--- Data records Enclosed Below ---

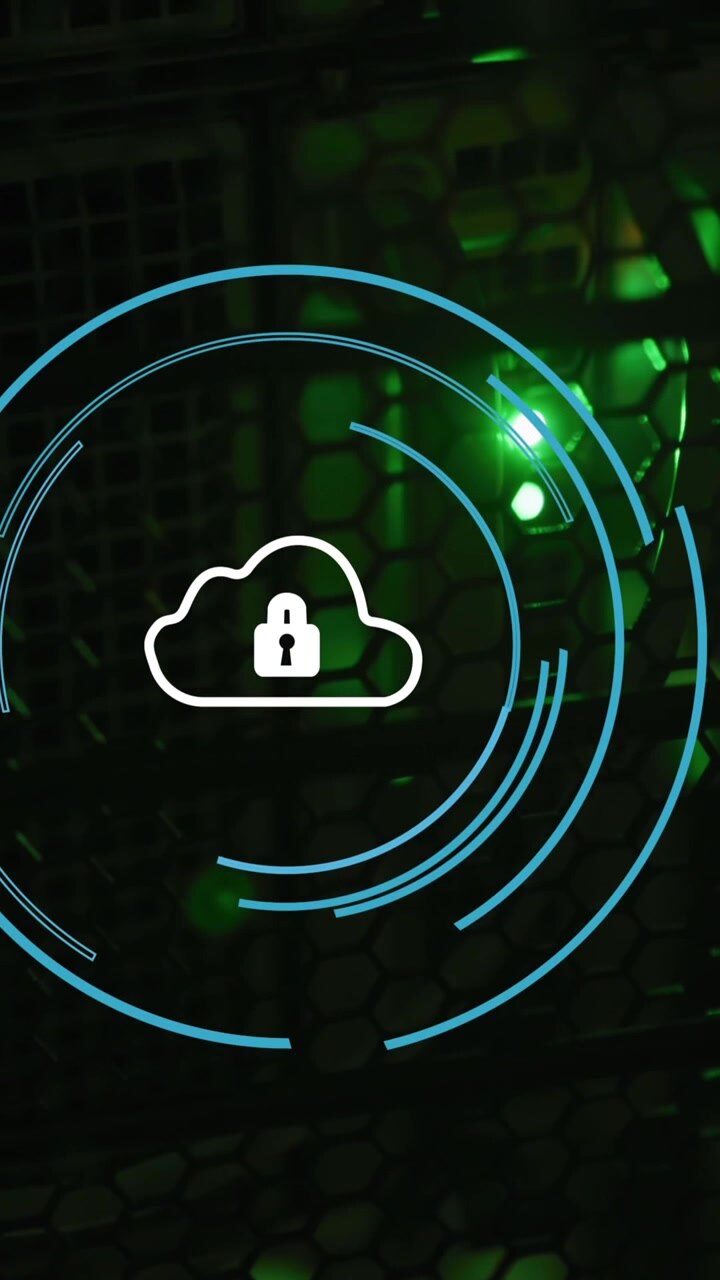 Animation of security padlock icon over cloud against close up of a computer server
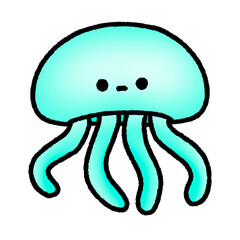 blue Jelly Fish Cute Doodle illustration, signs and symbols, Hand drawn, Pencil in doodle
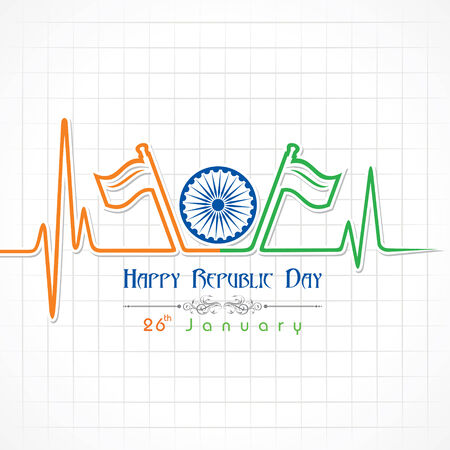 Republic Day greeting with heartbeat stock vectorのイラスト素材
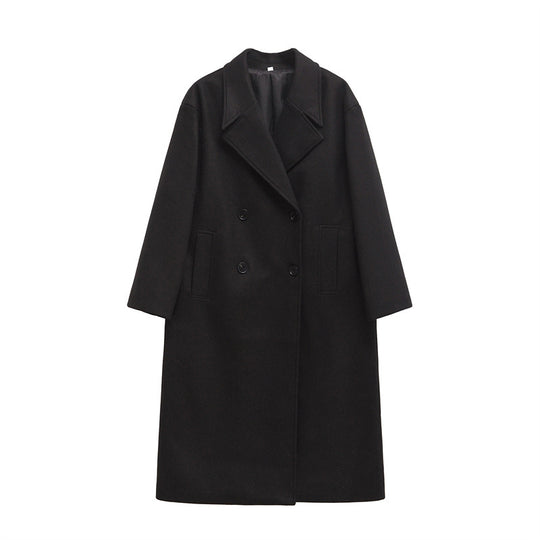 Damen Eleganter Übergrößen Doppelreiher-Wollmantel R&B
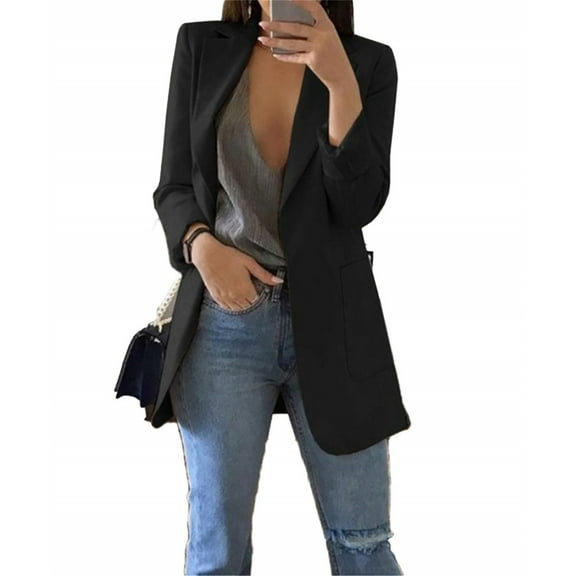 FOCUSNORM Womens Casual Blazers Open Front Long Sleeve Lapel Collar Work Office Jacket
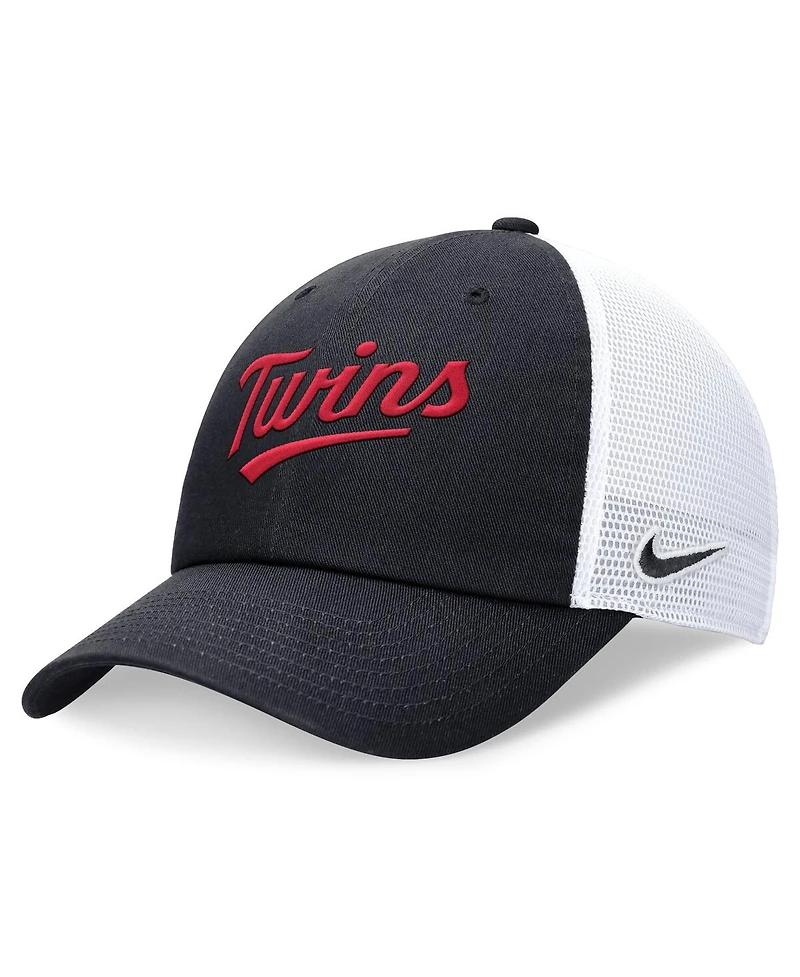Nike Men's Navy Minnesota Twins Wordmark Adjustable Trucker Hat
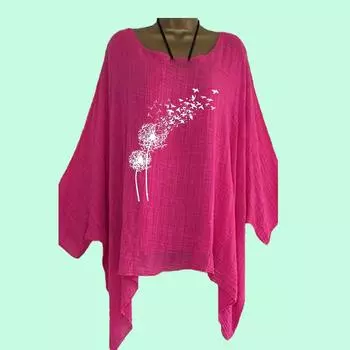 Большие размеры Женская свободная рубашка из хлопка и льна, весна-лето, повседневная, с круглым воротником, тонкий топ с длинным рукавом, женская модная длинная рубашка с принтом и неровным подолом S белый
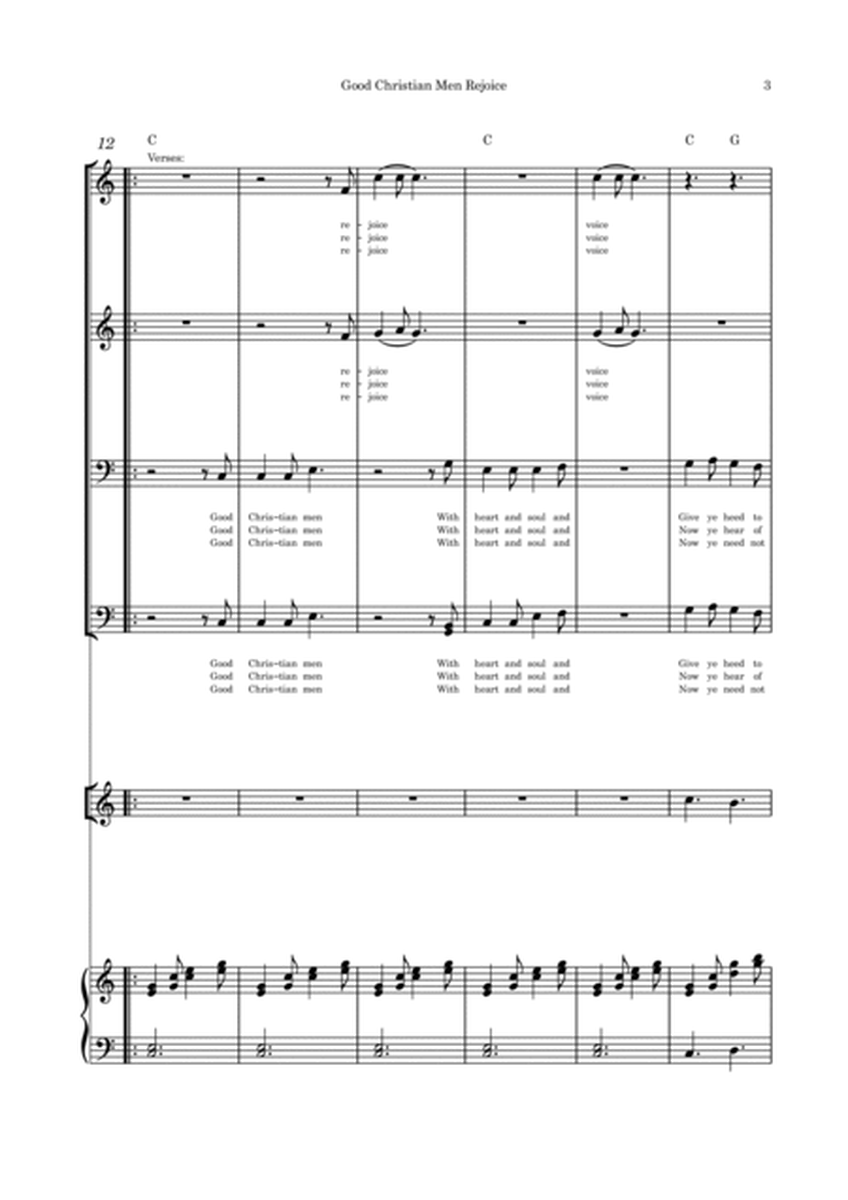Good Christian Men Rejoice - SATB, Flute/violin/cello and piano with parts image number null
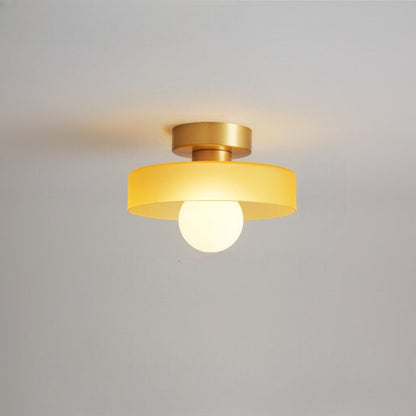 Bauhaus Plafondlamp Frans Design Glas en Messing E27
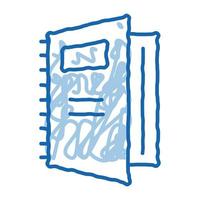 cuaderno de auditoría doodle icono dibujado a mano ilustración vector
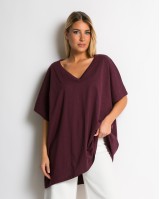 Μπλούζα oversized με "V" δαμασκηνί Μπλούζα oversized με "V" δαμασκηνί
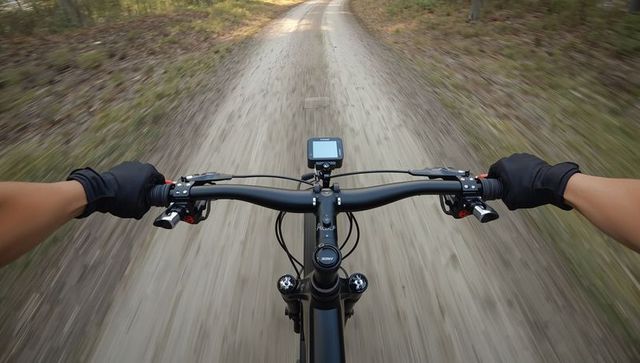 Riding mountain bike along forest trail with gps cycling computer and gloved hands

--- End of Enclosed Data records ---

Required action :: Set down the material exactly as given, but print none of the pictures.

Solution ::
 Animation of security padlock icon over cloud against close up of a computer server
 blue Jelly Fish Cute Doodle illustration, signs and symbols, Hand drawn, Pencil in doodle
 Republic Day greeting with heartbeat stock vectorのイラスト素材
 Damen Eleganter Übergrößen Doppelreiher-Wollmantel R&B
 FOCUSNORM Womens Casual Blazers Open Front Long Sleeve Lapel Collar Work Office Jacket
Nike Men's Navy Minnesota Twins Wordmark Adjustable Trucker Hat
 Большие размеры Женская свободная рубашка из хлопка и льна, весна-лето, повседневная, с круглым воротником, тонкий топ с длинным рукавом, женская модная длинная рубашка с принтом и неровным подолом S белый
Good Christian Men Rejoice - SATB, Flute/violin/cello and piano with parts image number null
 Bauhaus Plafondlamp Frans Design Glas en Messing E27
 cuaderno de auditoría doodle icono dibujado a mano ilustración vector
 Μπλούζα oversized με "V" δαμασκηνί Μπλούζα oversized με "V" δαμασκηνί
 Riding mountain bike along forest trail with gps cycling computer and gloved hands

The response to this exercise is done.